Naja. Ich finde es unschoen, dass die Lufthansa unter Lufthansa + x TLDs schon bestens vertreten ist und jetzt nach der Abkuerzung luestet - tatsaechlich "by hook or by crook" - uebrigens eine ganz normale und uralte Redensart, die niemandem unterstellt, dass er/sie ein "crook" (Krimineller) ist.
Und damit dass der Inhaber kein anderweitiges Interesse vorgebracht hat (und das mit der Vermietung an den Klaeger war wirklich ziemlich dumm) hat er es der Gegenseite einfach viel zu leicht gemacht, die Domain fuer sich zu beanspruchen. Haette er tatsaechlich ein Projekt unter markenmaessiger Nutzung der Domain in einem anderen Bereich als Legitimation anfuehren koennen dann waere das sicher anders ausgegangen.
Mag sein. Als Markenschlauberger haette er es vielleicht leichter gehabt. Waere die Gangart jedoch nicht tatsaechlich hinterlistig bzw. noch eher "in bad faith"?
Beim Vermietungsangebot, genau wie bei einem Verkaufsangebot, steht die Frage im Raum, wer, wen _zuerst_ angebaggert hat. Falls Lufthansa mit ihm in Verhandlungen stand und er ihnen dann eine Vermietung anbot, dann verstehe ich das nicht als verwerflich.
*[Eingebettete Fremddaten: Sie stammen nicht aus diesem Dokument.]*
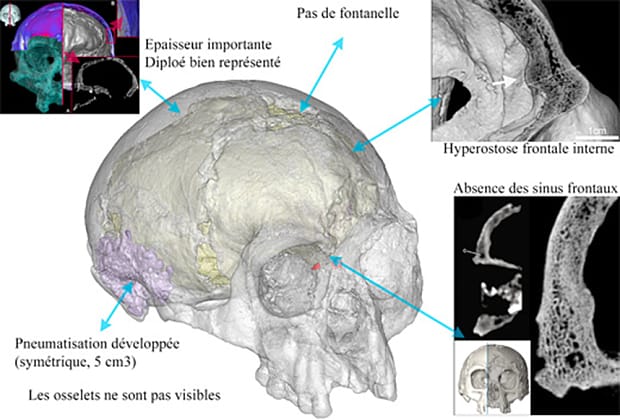 Revision of some internal features of Liang Bua 1 on cranial thickness, internal structure  Photo: Antoine Balzeau-CNRS/MNHN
Ich finde auch den Gedanken nicht sehr beruhigend, dass da jetzt von beiden Seiten Geld und Anwaelte aufgefahren werden um in die naechste Instanz zu gehen. Alle neuen Argumente werden jetzt wie Schutzbehauptungen aussehen und mit den schon angefuehrten Punkten wird er wohl wieder verlieren.
Mit einem faehigen Anwaltsteam wird er imho bei einem US-Bundesricher die Domain behalten duerfen. Er wuerde auf jeden Fall den Mangel an Bekanntheitsgrad in Betracht ziehen, weil einfach zuviele Ansprueche dieser Art beschworen werden koennen und weder WIPO noch ein Gericht eine Art "FCFS-Institution" fuer den ersten Klaeger sein darf. Ohne klar zuordnender Notoritaet der Abkuerzung (welche hier imho klar fehlt), ist es imho bei einer international derart schwammigen Abkuerzung eher eine wirtschaftliche statt markenrechtliche Ueberlegung. Selbst "LTU" haette imho bessere Karten.
Ein umgehender Inhaberwechsel wuerde mich also sehr ueberraschen, zumal nicht der Registrant, sondern natuerlich Moniker sich dem UDRP verpflichtet hat bzw. sich als "Pseudo-Registrar" dazu verpflichten muss.